The PII Codex project was built as a core part of an ongoing research effort in Personal Identifiable Information (PII) detection and risk assessment. There was a need to not only detect PII in unstructured text, but also identify its severity, associated categorizations in cybersecurity research and policy documentation, and provide a way for others in similar research efforts to reproduce or extend the research.

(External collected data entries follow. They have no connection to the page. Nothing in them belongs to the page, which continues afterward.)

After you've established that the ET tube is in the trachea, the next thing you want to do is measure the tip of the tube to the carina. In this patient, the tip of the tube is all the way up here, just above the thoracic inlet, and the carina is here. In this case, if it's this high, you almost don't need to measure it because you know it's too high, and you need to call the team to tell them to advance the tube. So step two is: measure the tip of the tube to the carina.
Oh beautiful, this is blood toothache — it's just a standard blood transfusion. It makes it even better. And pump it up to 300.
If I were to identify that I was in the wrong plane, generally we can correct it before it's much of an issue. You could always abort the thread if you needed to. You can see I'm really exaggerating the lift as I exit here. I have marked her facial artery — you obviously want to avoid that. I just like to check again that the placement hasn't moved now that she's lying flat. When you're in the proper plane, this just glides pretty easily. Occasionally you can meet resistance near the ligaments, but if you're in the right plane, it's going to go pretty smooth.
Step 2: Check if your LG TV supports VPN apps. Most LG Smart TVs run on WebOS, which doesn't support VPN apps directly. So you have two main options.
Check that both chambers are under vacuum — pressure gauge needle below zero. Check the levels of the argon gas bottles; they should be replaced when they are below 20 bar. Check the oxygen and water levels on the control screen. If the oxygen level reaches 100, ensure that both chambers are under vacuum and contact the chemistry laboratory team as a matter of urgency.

PII Codex is a combination of systematic research, conceptual frameworks, third-party open source software, and cloud service provider integrations. The categorizations are directly influenced by the research of Milne et al. (2016) while the ranking is a result of category severities on the scale provided by Schwartz and Solove (2012) from Non-Identifiable, Semi-Identifiable, and Identifiable.

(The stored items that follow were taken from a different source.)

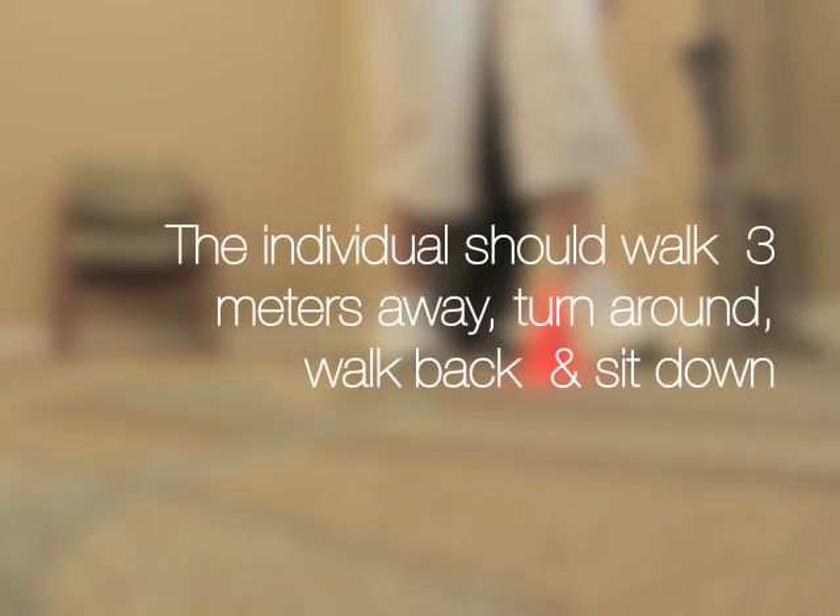The test measures in seconds the time it takes an individual to stand up, walk a distance of 3 meters or about 10 feet, turn around, walk back to the chair and sit down.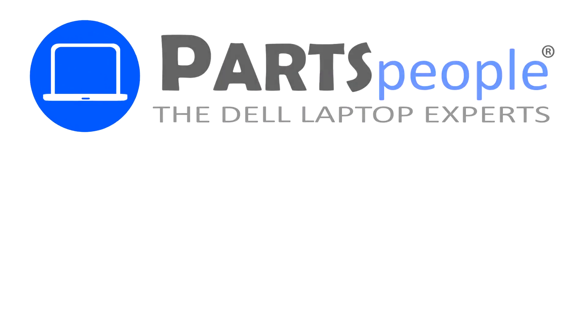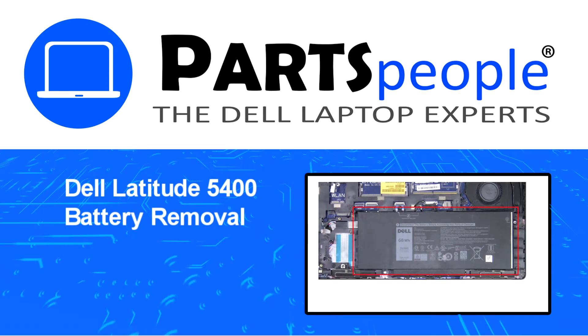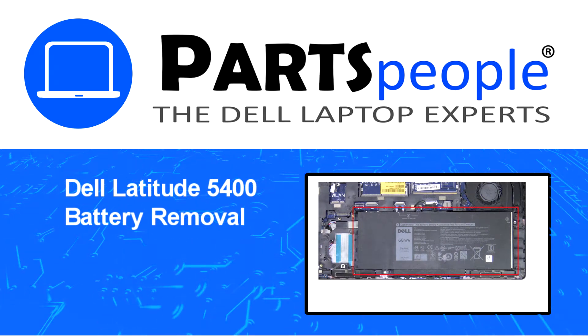Hey, what's up, this is Ricardo at Parts People. In this video we'll outline the steps for completing a part replacement on your Dell PC.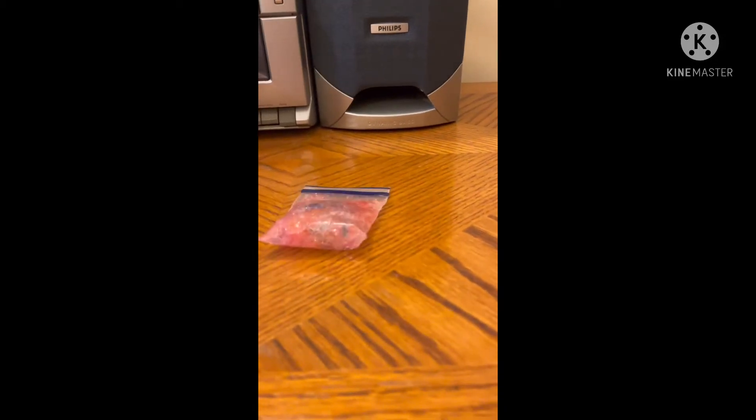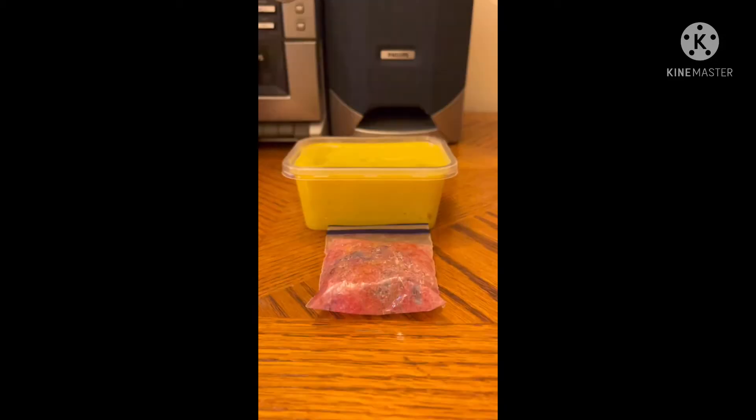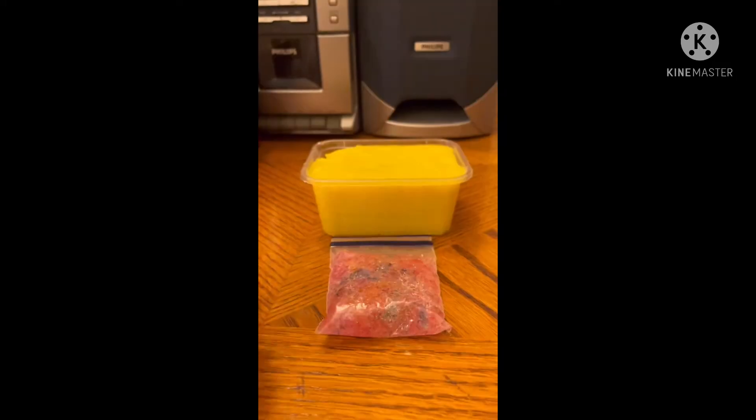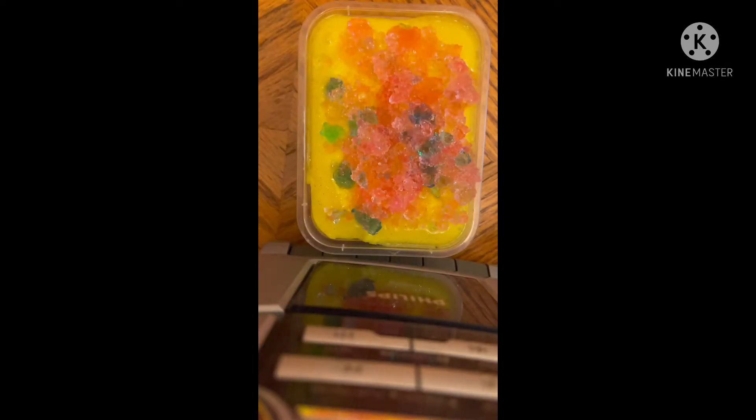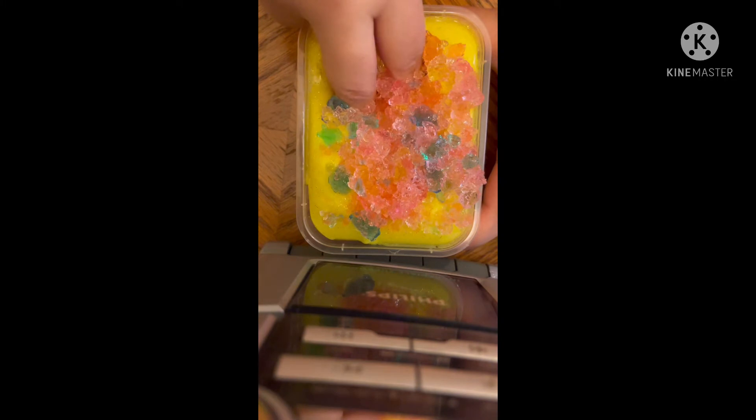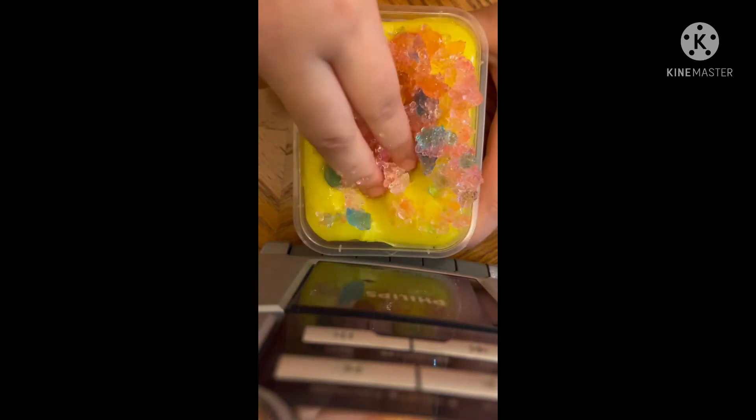Let's see what happens if you add crushed Orbeez into your lemon curd slime. My Orbeez are on my slime now and it's time to mix. This feels amazing.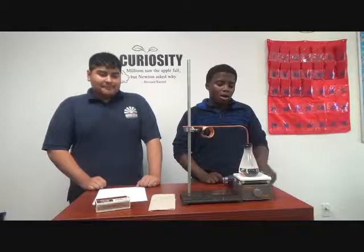Hi, I'm Kamari, and this is Leonardo. We're from the Horizon Science Academy of Lorraine, and we're going to be demonstrating to you how to create some superheated stuff. The materials we'll be using are...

The outputs of the primary PII Codex analysis and adapter functions are AnalysisResult or AnalysisResultSet objects that will provide a listing of detections, severities, mean risk scores for each string processed, and summary statistics on the analysis made. The final outputs do not contain the original texts but instead will provide where to find the detections should the end-user care for this information in their analysis.


Importing

The repository releases are hosted on PyPi.

Using pip:

pip3 install -i pii-codex

Using Poetry:

poetry add pii-codex

If you are in need of the integrated Microsoft Presidio Analyzer, you'll also need to install the en_core_web_lg and the PII-Codex extras:

poetry install pii-codex --extras="detections"
python3 -m spacy download en_core_web_lg

Usage

Sample Input / Output

The built-in analyzer uses Microsoft Presidio. Feed in a collection of strings with analyze_collection() or just a single string with analyze_item(). Those analyzing a collection of strings will also be provided with statistics calculated on the risk scores for detected items.

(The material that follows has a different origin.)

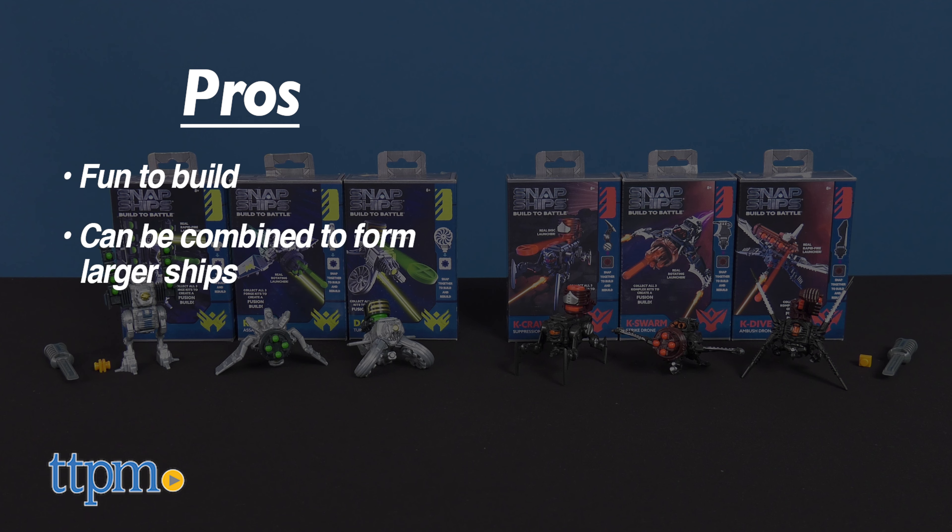I have no cons for these, so I'm giving them 4 out of 5 stars. Don't forget to subscribe and follow us on TikTok at the Toy Authority.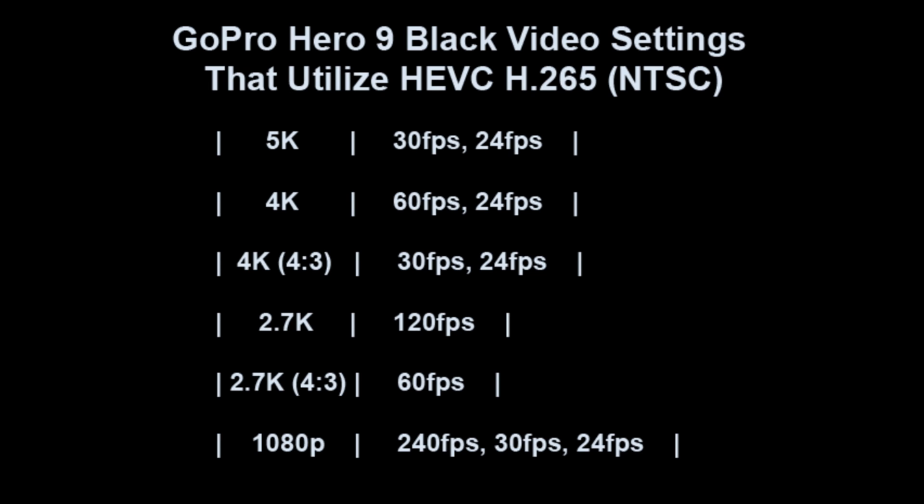Long story short, I had to use Handbrake to convert all of these 4K videos that I recorded, and that took probably five or six hours. So I didn't want to go through that again, and I went through and found which video settings utilize HEVC H.265. I then geared my GoPro video settings to avoid those, and I've since taken it out and verified that it does in fact use H.264 now.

from pii_codex.services.analysis_service import PIIAnalysisService
PIIAnalysisService().analyze_collection(
    texts=["your collection of strings"],
    language_code="en",
    collection_name="Data Set Label", # Optional Labeling
    collection_type="SAMPLE" # Defaults to POPULATION, used stats calculations
)

You can also pass in a data param (dataframe) instead of simple text array with a text column and a metadata column to be analyzed for those analyzing social media posts. Current metadata supported are URL, LOCATION, and SCREEN_NAME.

Sample output (results object converted to dict from notebook):

{
    "collection_name": "PII Collection 1",
    "collection_type": "POPULATION",
    "analyses": [
        {
            "analysis": [
                {
                    "pii_type_detected": "PERSON",
                    "risk_level": 3,
                    "risk_level_definition": "Identifiable",
                    "cluster_membership_type": "Financial Information",
                    "hipaa_category": "Protected Health Information",
                    "dhs_category": "Linkable",
                    "nist_category": "Directly PII",
                    "entity_type": "PERSON",
                    "score": 0.85,
                    "start": 21,
                    "end": 24,
                }
            ],
            "index": 0,
            "risk_score_mean": 3,
        },
        ...
    ],
    "detection_count": 5,
    "risk_scores": [3, 2.6666666666666665, 1, 2, 1],
    "risk_score_mean": 1.9333333333333333,
    "risk_score_mode": 1,
    "risk_score_median": 2,
    "risk_score_standard_deviation": 0.8273115763993905,
    "risk_score_variance": 0.6844444444444444,
    "detected_pii_types": [
        "LOCATION",
        "EMAIL_ADDRESS",
        "URL",
        "PHONE_NUMBER",
        "PERSON",
    ],
    "detected_pii_type_frequencies": {
        "PERSON": 1,
        "EMAIL_ADDRESS": 1,
        "PHONE_NUMBER": 1,
        "URL": 1,
        "LOCATION": 1,
    },
}

Docs

For more information on usage, check out the respective documentation for guidance on using PII-Codex.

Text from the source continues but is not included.